Au fur et à mesure que les montagnes s’érodent et créent à leurs pieds des pierriers les arbres les colonisent, vaillants montagnards qui aident ainsi à les stabiliser.
Qui n’a pas un jour cheminé au pied de ces pyramides pierreuses d’où des dizaines de millions d’années nous contemplent n’a pas éprouvé la petitesse et fragilité de l’homme mais aussi son incomparable courage et ténacité qui le mènent à leur sommet là ou aucune autre bête, sinon les aigles, vont.
L’air des cimes, quand on y accède pedibus jambis rend euphorique. Cette beauté majestueuse emplit notre âme de sérénité, pour celles et ceux qui en ont une car il n’est pas sûr que Vladimir et Donald en soit dotés ! Certes, elle peut aussi provoquer des drames comme cela s’est produit à la Bérarde ou à Bretten mais, à l’instar des marins, les montagnards savent que leur vie est à la merci des éléments et des «incartades » de la nature ce qui forge leur tempérament.
Midi ayant sonné aux églises des villages de la vallée, nous redescendons pour aller reprendre quelques forces à la table du «Gourmand» délicieux restaurant de Vielha qui fut notre principale «cantine» pendant notre séjour.

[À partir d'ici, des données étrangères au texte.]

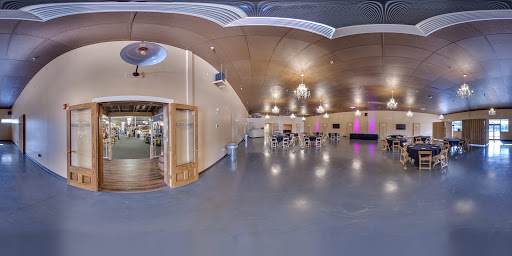 Event Venue «Highlander Event Center & Highlander Coffee House», reviews and photos, 90 Alexandria Pike, Fort Thomas, KY 41075, USA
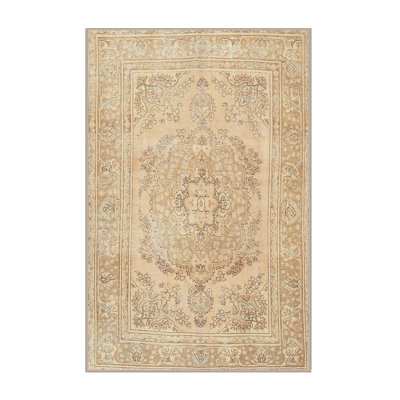 Araminta Oriental Indoor Rug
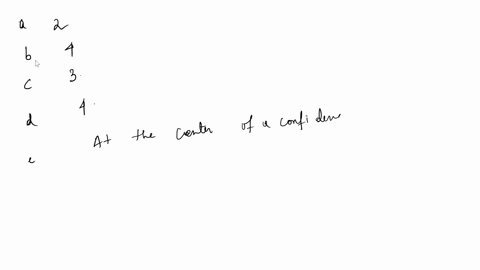 1-confidence-intervals-a-what-does-it-mean-when-you-calculate-a-95-confidence-interval-the-random-process-you-used-eg-experimentgamesurveyetc-will-capture-the-population-value-95-of-the-time-98621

Puis nous remontons avec notre monture jusqu’au «llano » (plateau) de Beret à près de 1900mètres d’altitude pour y effectuer notre seconde randonnée.
Compte tenu des efforts faits le matin et du souci d’assurer une digestion paisible, nous avons choisi une randonnée tranquille qui nous fait traverser les vastes alpages de ce plateau d’altitude environnés de massifs montagneux.
Derrière nous se profile l’ensemble du massif de l’Aneto et de la Maladeta relativement peu enneigé en ce début juin. Les glaciers fondent provoquant ici et là des drames et menaçant une pénurie de glaçons dans les pastis de cet été !
Nous sommes seuls et avons le sentiment d’être à des milliers de kilomètres de nos chaumières quelque part sur les hauts plateau de la Mongolie.
Mais pour l’heure nous sommes déçus de ne pas voir d’animaux hormis ce crâne d’un mouflon peut être mort de faim au cours d’un hiver ou de vieillesse après une belle vie que ne connaissent pas les millions d’animaux que l’on maltraite dans les fermes industrielles.
Nous croisons une narcisse des poètes dont la couronne interne jaune pâle est bordée de rouge. Une légende en explique l’origine : Narcisse fils d’une nymphe et du fleuve Céphise était si beau que tous ceux qui le voyaient en tombaient amoureux. Le divin Tirésias avait dit à sa mère «Narcisse vivra très vieux à condition qu’il ne se regarde jamais». Malheureusement, Narcisse était indifférent à tous ceux qui l’entouraient, semant le malheur autour de lui (dont la nymphe Echo si malheureuse d’être repoussée par lui que seule sa voix subsista). Un jour, fatigué, Narcisse se reposa près d’une source, se pencha pour boire et tomba éperdument amoureux de son image. Désespéré par cette situation inextricable il se plongea un poignard dans le cœur. De son sang qui s’écoulait naquit une narcisse blanc au cœur rouge. Signalons aussi qu’en juin les faucheurs de fleurs en Lozère ramassent ces fleurs odorantes pour les parfums de Grasse .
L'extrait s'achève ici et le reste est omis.